Unfortunately, his new love was short-lived. Kyle got a new job, and a move to San Francisco put an abrupt end to his regular weekends in the wild. He also lost the connection to his main motivator, and soon settled for just a handful of solo outings a year.
“After several years of going it alone in California, I realized that I could be that person for others—a kind of facilitator—and that it might help me get out there more, too.”
And then, while chatting with some colleagues who’d never been backpacking before, the idea struck: “I didn’t think anyone at work was interested in backpacking at all, but it turns out there were a ton of people up for it, only they’d never been before. I did a few ‘how to’ sessions, and then I gathered a group up for a trip and we had an awesome time.

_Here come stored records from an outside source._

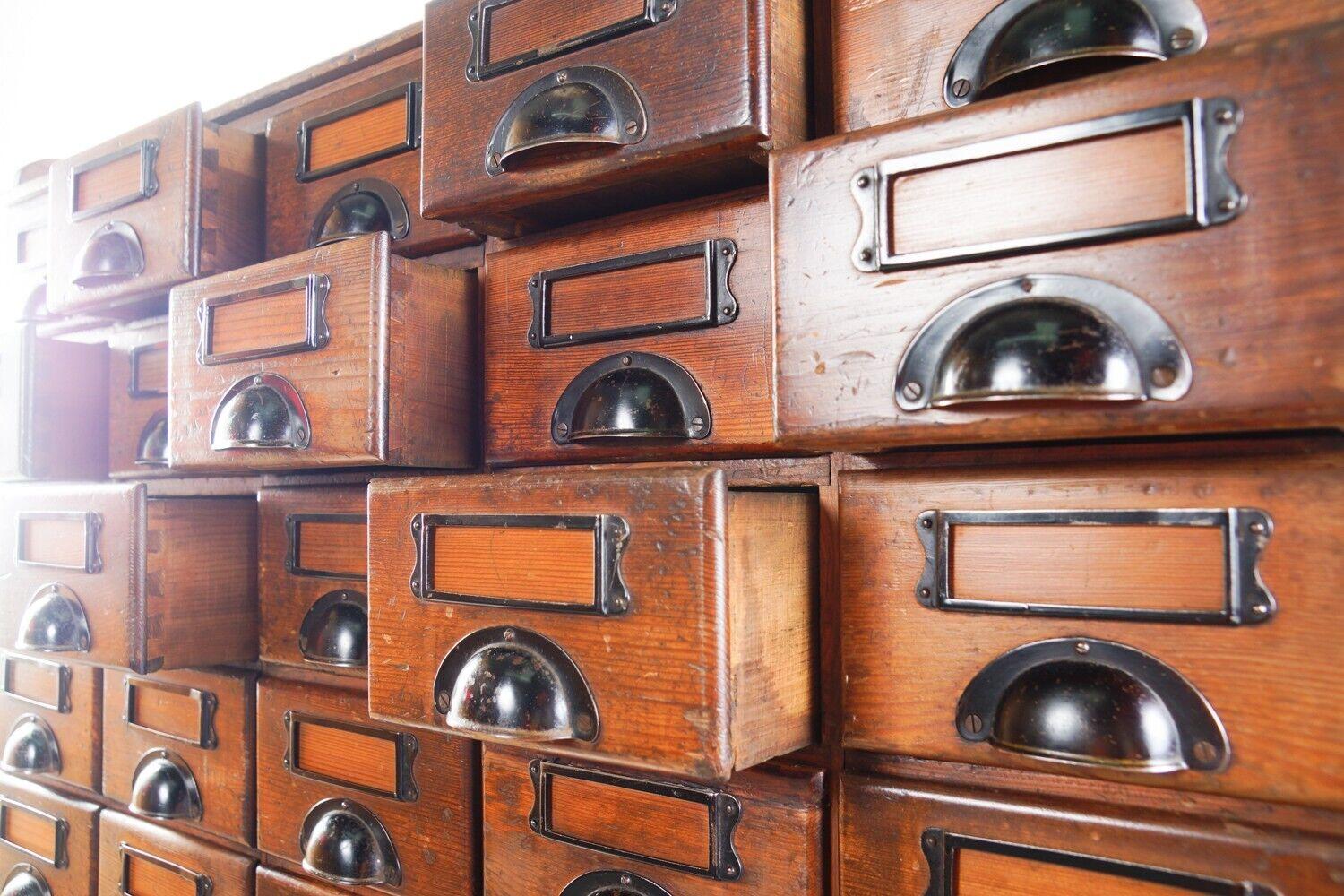 Vintage Early 20th Century Haberdashery or Office Organiser Bank of Drawers

A large, stained pine haberdashery or office drawer unit that splits into two, 
which was produced in the early 20th century, and will serve as a talking point wherever it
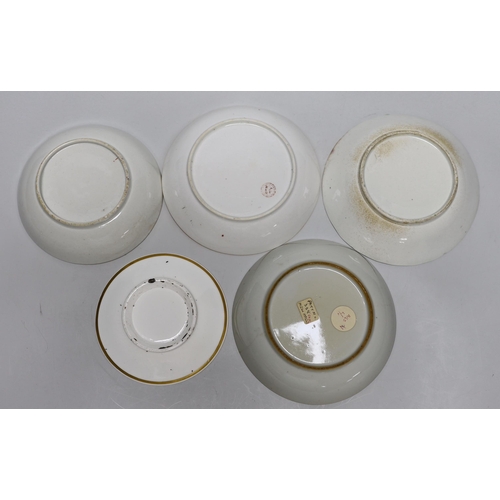 393 - A group of early 19th century English porcelain cups and various saucers to include a Spode two hand... 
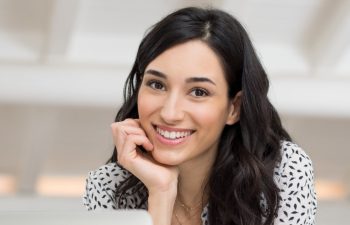 Cheerful young woman with a perfect smile.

They eventually started referring to the group as ‘Kyle Scouts’—which is obviously a horrible name—until someone suggested ‘dece’ [as in the first half of ‘decent’]. I use the word ‘dece’ a lot to describe things, so I guess it just stuck.”
From online packing lists detailing exactly what you need, to step-by-step guides on how to responsibly poop in the woods, Dece Scouts has grown out of a casual workplace social group to a club welcoming new members from across town. And after being unofficially established in 2016, they now have their own website, logo, and even a gear library to combat the often-cited barrier of expensive equipment preventing people from hitting the trail.
“Our aim is to be as welcoming as possible” says Kyle. “It’s a way of getting people up and running. It doesn’t take long to learn how to pack, how to set up a tent, and how to cook food. Even those who were total newcomers have now been on five or six trips.”
Because of the collaborative atmosphere in the group, Kyle refers to all members of Dece Scouts as co-founders. As much benefit as they get from joining, Kyle also profits from more opportunities to go on trips. It also engenders a strong sense of ownership—with scouts regularly suggesting new adventures: “I recently had a desert photo on my desktop at work, and one of my coworkers was like, ‘oh man. I want to go hike on a sand dune. So two weeks later, we flew to Vegas, rented cars, then drove to the Mojave and hiked on some sand dunes. It was such a cool way of inspiring an awesome adventure. I now make sure all my desktop backgrounds are outdoorsy” laughs Kyle.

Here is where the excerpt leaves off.